**Brief**.
The listing below holds a line with "Hey everyone, today" and a line with "Hey guys, it's". Reproduce those two lines exactly, plus everything between them.

═════ Data for this task

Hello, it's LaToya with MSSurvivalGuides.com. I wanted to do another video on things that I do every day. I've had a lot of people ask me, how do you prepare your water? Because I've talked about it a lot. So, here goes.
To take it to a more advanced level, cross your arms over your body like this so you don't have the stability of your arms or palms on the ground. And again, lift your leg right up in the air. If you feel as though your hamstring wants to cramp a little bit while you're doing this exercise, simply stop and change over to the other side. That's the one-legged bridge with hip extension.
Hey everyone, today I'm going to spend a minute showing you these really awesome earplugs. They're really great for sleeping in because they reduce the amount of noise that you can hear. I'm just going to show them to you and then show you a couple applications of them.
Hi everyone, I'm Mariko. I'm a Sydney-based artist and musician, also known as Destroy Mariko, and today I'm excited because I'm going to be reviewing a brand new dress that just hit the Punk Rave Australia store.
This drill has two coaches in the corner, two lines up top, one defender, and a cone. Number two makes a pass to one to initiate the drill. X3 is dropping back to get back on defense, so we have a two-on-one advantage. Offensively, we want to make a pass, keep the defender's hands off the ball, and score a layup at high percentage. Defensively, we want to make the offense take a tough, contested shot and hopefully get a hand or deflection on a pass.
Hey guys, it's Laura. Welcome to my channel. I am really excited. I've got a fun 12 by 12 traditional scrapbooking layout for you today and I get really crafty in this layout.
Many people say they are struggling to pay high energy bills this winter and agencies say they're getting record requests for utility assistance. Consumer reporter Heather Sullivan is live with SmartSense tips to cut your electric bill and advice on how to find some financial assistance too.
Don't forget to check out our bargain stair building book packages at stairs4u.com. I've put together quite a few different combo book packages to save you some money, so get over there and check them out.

══════════
═════ Data for this task

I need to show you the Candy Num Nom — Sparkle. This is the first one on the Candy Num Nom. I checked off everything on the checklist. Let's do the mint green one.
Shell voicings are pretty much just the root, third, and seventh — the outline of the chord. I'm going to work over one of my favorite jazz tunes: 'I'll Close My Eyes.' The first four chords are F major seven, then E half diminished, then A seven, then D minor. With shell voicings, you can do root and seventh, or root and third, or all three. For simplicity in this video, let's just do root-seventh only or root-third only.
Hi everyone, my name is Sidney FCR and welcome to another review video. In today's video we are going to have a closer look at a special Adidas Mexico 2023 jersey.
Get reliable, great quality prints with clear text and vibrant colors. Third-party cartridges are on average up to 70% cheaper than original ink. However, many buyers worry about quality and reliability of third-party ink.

══════════

**Answer for the task**.
Hey everyone, today I'm going to spend a minute showing you these really awesome earplugs. They're really great for sleeping in because they reduce the amount of noise that you can hear. I'm just going to show them to you and then show you a couple applications of them.
Hi everyone, I'm Mariko. I'm a Sydney-based artist and musician, also known as Destroy Mariko, and today I'm excited because I'm going to be reviewing a brand new dress that just hit the Punk Rave Australia store.
This drill has two coaches in the corner, two lines up top, one defender, and a cone. Number two makes a pass to one to initiate the drill. X3 is dropping back to get back on defense, so we have a two-on-one advantage. Offensively, we want to make a pass, keep the defender's hands off the ball, and score a layup at high percentage. Defensively, we want to make the offense take a tough, contested shot and hopefully get a hand or deflection on a pass.
Hey guys, it's Laura. Welcome to my channel. I am really excited. I've got a fun 12 by 12 traditional scrapbooking layout for you today and I get really crafty in this layout.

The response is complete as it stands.